Spatchcock is just a fancy way of calling a chicken or a turkey that's been butterflied. The backbone is removed so you can open it up and roast the entire thing so it's extra crispy. I roast mine with tons of lemons, salt, pepper, garlic and whatever herbs I have on hand, plus some potatoes to catch any of the drippings and soak up all that flavor.
Once it's done, not only will your house smell absurdly delicious, but you'll have one good looking dinner and hopefully leftovers! Carve it up, shred it up, toss it into some enchiladas and never fear about having time to roast and entire chicken ever again! And while this is a tutorial for a Spatchcock Chicken, you can do the same thing with a turkey! And you can spice either differently depending on what you plan on using the meat for.
Ingredients & Substitutions
- Whole Chicken
- Olive Oil plus more for potatoes
- Dried Oregano
- Dried Thyme
- Lemon juiced and zested
- Chopped Rosemary
- Kosher Salt and Black Pepper freshly ground
- Garlic sliced in half
- Lemons halved
- Baby Potatoes
*For a full list of ingredients and instructions please see recipe card below.
How to Make Roasted Spatchcock Chicken
Step 1: Start by cutting along one side of the backbone.
Step 2: Cut all the way to the top and then cut the other side of the backbone. Remove the bone entirely.
Step 3: Flip the chicken over and push it down with your hand breaking the breast bone.
Step 4: Season with salt, pepper and herbs.
Step 5: Tuck lemons around the bird for extra flavor.
Step 6: Add some baby potatoes to soak up all the drippings.
Step 7: Drizzle some olive oil.
Step 8: Cook until the bird is 165 degrees F.
Step 9: Remove and let rest for 15 minutes before slicing and serving.
How to Store Roasted Spatchcock Chicken
You can store the roasted chicken in the fridge in an airtight container for 3-4 days. With chicken especially, make sure you warm it to the safe temperature when re-heating.
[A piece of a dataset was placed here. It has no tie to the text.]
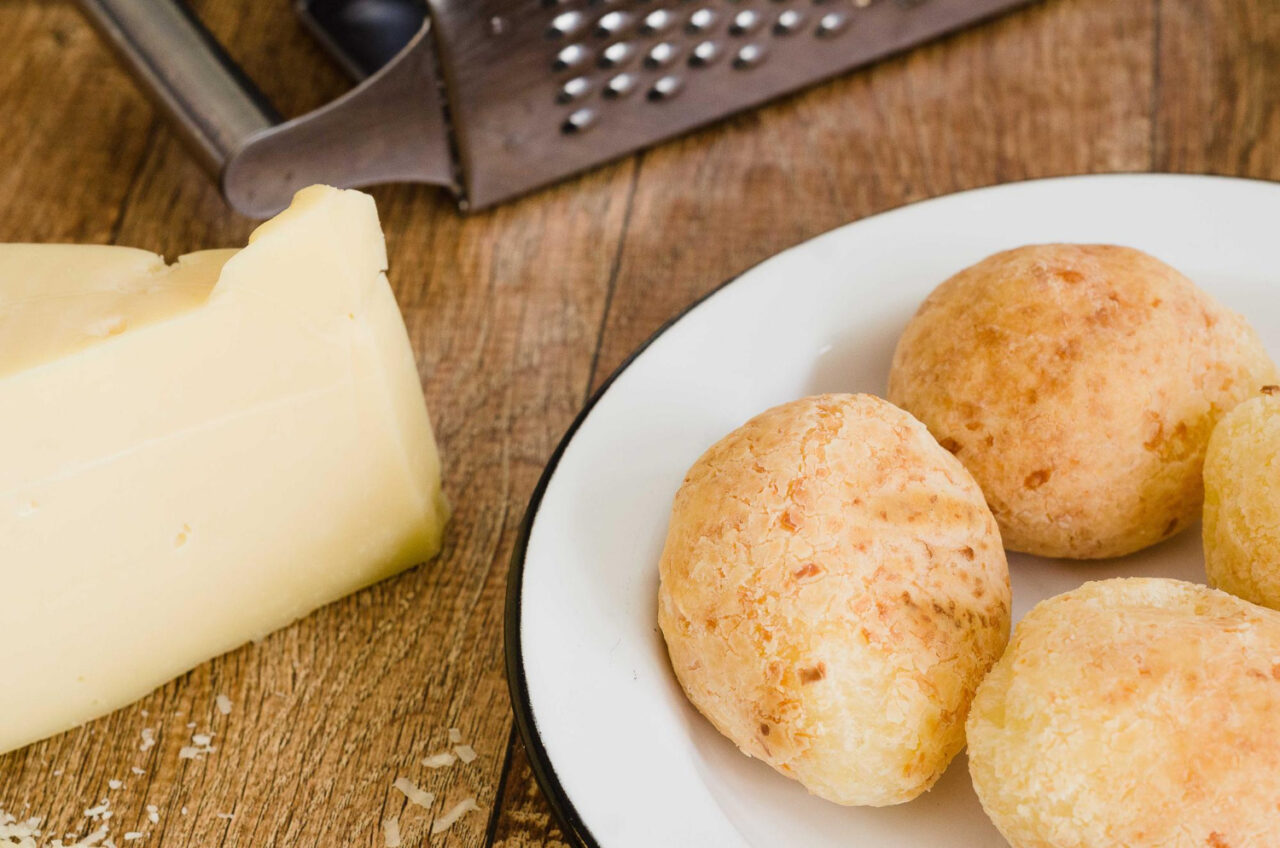 Como Fazer Pão de Queijo Caseiro Macio e Crocante!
How to Freeze Roasted Spatchcock Chicken
You sure can freeze roasted chicken. I recommend shredding and taking the meat off the bone before doing so. However, if you wish to consume it in non-shredded forms, you can also leave the pieces as is. Portion the chicken into the amounts you would like to defrost at a time, date them, and freeze them for up to 2 months.
To thaw, you can leave it in the fridge overnight. Make sure to heat to the safe temperature when its time to heat. You can also use frozen if adding to a stew.
Tips & Tricks
While this is a tutorial for a Spatchcock Chicken, you can do the same thing with a turkey! And you can spice either differently depending on what you plan on using the meat for.
FAQs
What is spatchcocking and why do it?
It's basically splitting the chicken by removing the backbone and flattening it out so it roasts much faster and more uniformly.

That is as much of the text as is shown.